Material shown: Begin
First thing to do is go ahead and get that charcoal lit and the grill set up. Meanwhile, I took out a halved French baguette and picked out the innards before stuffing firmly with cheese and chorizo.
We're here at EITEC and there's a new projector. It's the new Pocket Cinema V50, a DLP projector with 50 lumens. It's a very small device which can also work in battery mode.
Material shown: End
Material shown: Begin
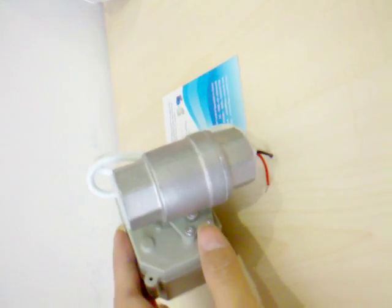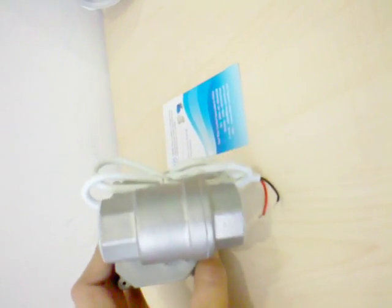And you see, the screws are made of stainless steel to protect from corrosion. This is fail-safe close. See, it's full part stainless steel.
Material shown: End
Material shown: Begin
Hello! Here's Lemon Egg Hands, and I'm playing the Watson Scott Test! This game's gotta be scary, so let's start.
Material shown: End
> _Your instructions_
Out of the data above, set down the lines from the one with "First thing to" to the one with "We're here at", both included, exactly as written and with no additions.

> _Answer to this exercise_
First thing to do is go ahead and get that charcoal lit and the grill set up. Meanwhile, I took out a halved French baguette and picked out the innards before stuffing firmly with cheese and chorizo.
We're here at EITEC and there's a new projector. It's the new Pocket Cinema V50, a DLP projector with 50 lumens. It's a very small device which can also work in battery mode.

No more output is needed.